Data block:
================

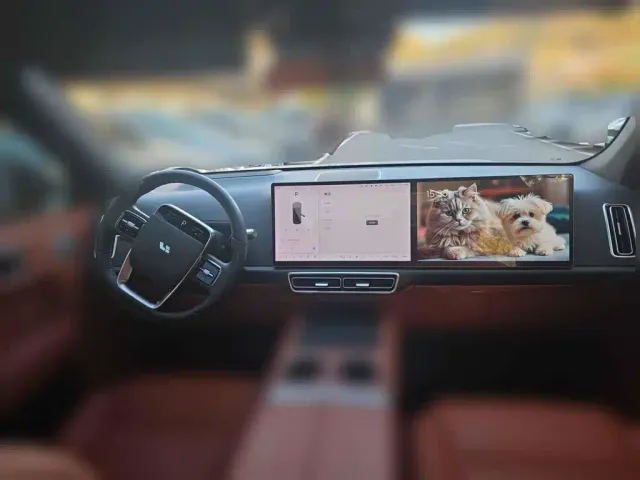 Li Auto L7 — Фото автомобиля 12
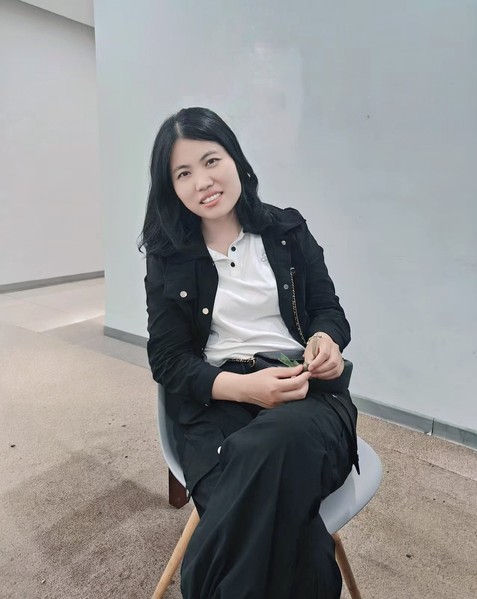潘  艳
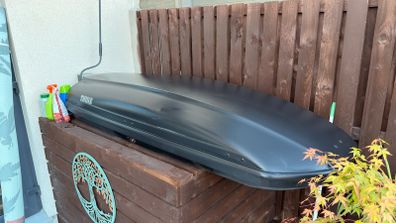 Thule Roof Box, Large Capacity, 2 Keys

================

Task to complete: Without any pictures, return the material above exactly.

Your response:
 Li Auto L7 — Фото автомобиля 12
潘  艳
 Thule Roof Box, Large Capacity, 2 Keys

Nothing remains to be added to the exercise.